* [Prompt]: Once you reach the line with "Introduction to office", transcribe it and every line after it to the end of the records, exactly, but not the pictures.

Listed records Start Marker

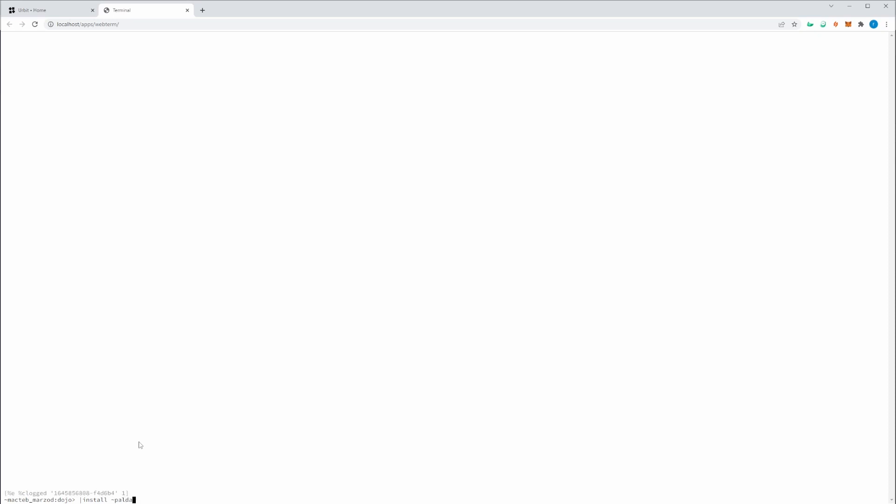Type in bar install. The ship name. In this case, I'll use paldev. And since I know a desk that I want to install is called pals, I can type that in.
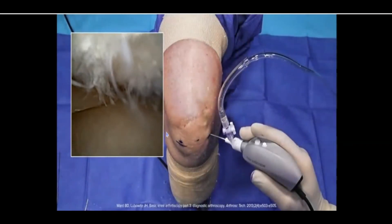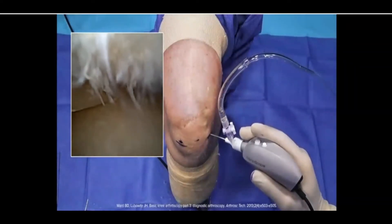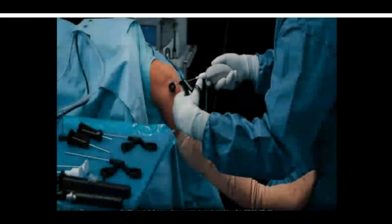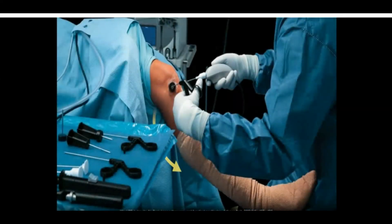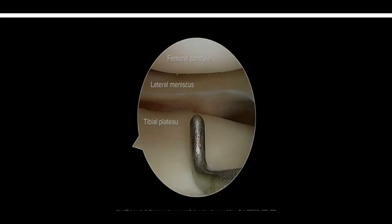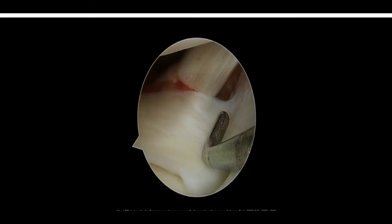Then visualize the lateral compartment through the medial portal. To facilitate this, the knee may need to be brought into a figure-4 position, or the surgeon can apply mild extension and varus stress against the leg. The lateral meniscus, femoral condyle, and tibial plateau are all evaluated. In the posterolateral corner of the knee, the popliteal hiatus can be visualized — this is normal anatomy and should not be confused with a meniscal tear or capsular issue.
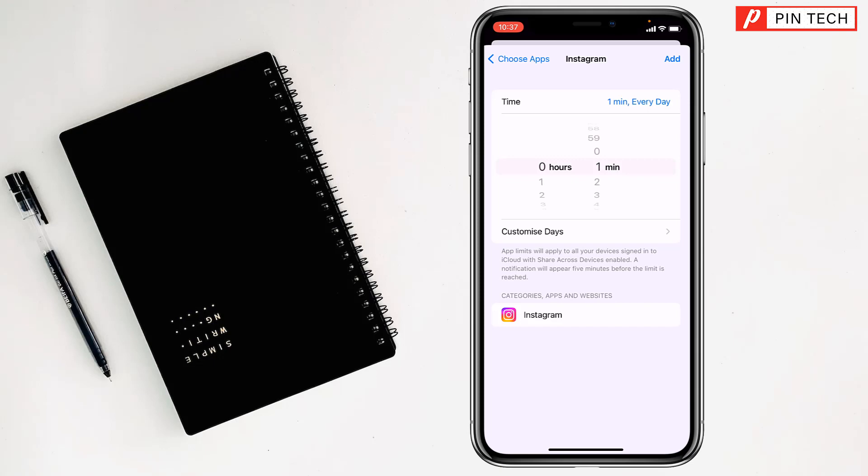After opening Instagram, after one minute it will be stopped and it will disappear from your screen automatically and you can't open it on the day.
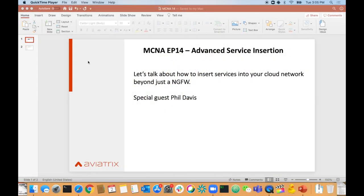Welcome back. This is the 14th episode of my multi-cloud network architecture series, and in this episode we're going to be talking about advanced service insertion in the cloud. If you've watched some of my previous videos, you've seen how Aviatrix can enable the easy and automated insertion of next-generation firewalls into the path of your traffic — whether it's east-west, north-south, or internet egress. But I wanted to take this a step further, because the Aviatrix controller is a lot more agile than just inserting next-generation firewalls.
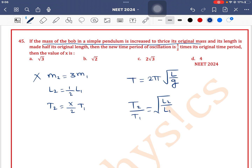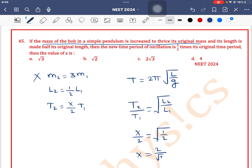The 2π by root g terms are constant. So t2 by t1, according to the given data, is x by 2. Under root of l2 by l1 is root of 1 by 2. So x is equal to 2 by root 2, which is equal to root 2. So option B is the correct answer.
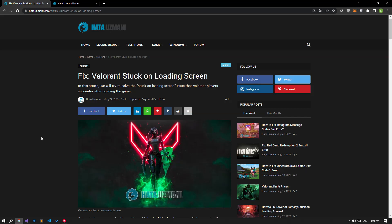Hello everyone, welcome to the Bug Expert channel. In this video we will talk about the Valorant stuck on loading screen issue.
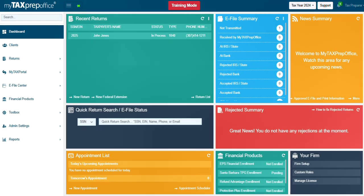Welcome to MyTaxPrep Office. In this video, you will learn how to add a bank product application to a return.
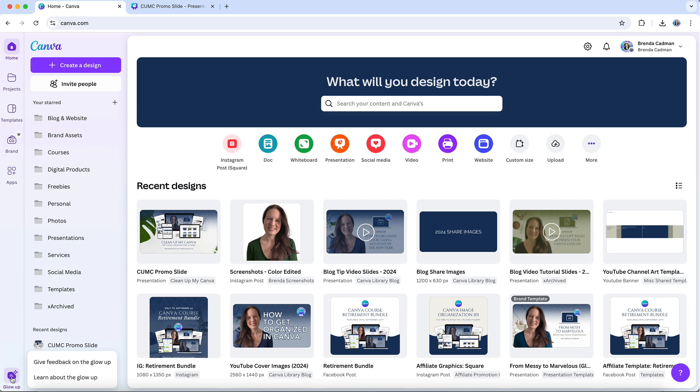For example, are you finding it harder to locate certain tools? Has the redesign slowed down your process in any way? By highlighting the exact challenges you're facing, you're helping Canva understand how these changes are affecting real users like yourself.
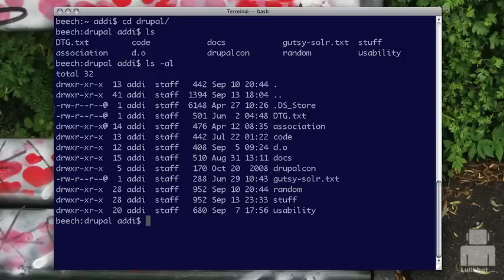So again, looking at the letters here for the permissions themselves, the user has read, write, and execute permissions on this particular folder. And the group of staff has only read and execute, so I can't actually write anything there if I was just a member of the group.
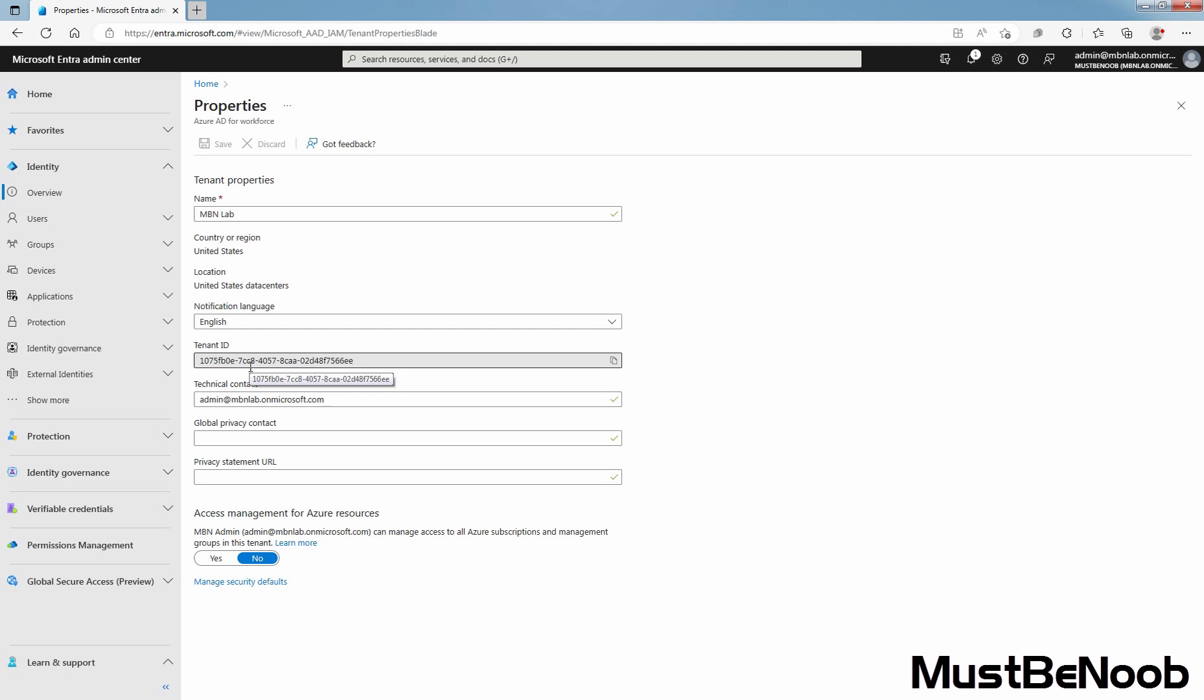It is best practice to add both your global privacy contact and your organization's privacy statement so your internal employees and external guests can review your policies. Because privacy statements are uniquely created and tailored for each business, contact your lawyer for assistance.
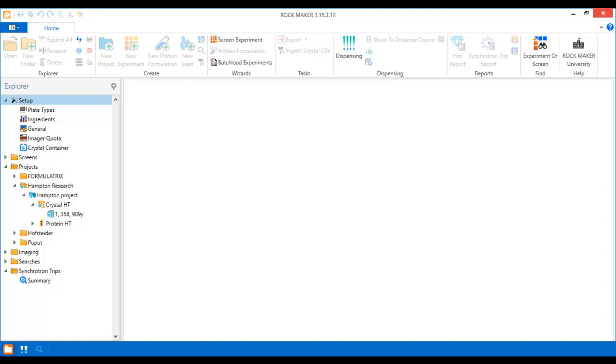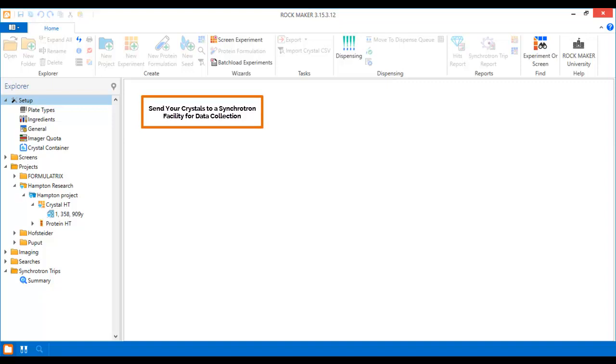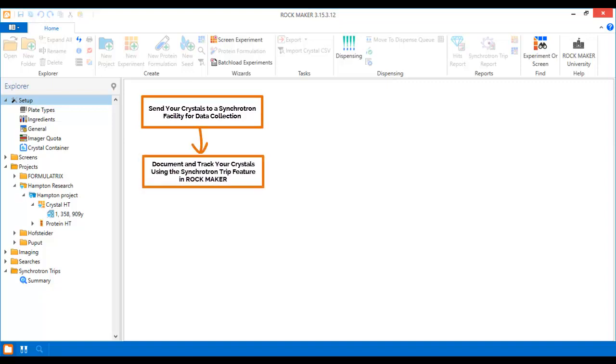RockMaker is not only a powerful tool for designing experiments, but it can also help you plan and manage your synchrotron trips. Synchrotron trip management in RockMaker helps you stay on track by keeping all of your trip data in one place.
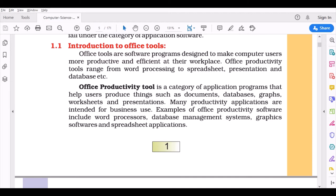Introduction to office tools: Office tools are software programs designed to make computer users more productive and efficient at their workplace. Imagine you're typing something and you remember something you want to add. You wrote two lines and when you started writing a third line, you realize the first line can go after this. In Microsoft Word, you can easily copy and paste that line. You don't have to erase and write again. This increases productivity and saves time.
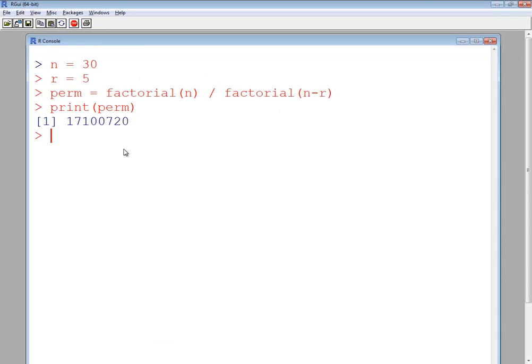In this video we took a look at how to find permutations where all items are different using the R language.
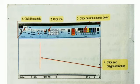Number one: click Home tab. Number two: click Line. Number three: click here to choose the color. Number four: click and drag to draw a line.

Listed records End Marker

* [Expected output]:
Introduction to office tools: Office tools are software programs designed to make computer users more productive and efficient at their workplace. Imagine you're typing something and you remember something you want to add. You wrote two lines and when you started writing a third line, you realize the first line can go after this. In Microsoft Word, you can easily copy and paste that line. You don't have to erase and write again. This increases productivity and saves time.
In this video we took a look at how to find permutations where all items are different using the R language.
Number one: click Home tab. Number two: click Line. Number three: click here to choose the color. Number four: click and drag to draw a line.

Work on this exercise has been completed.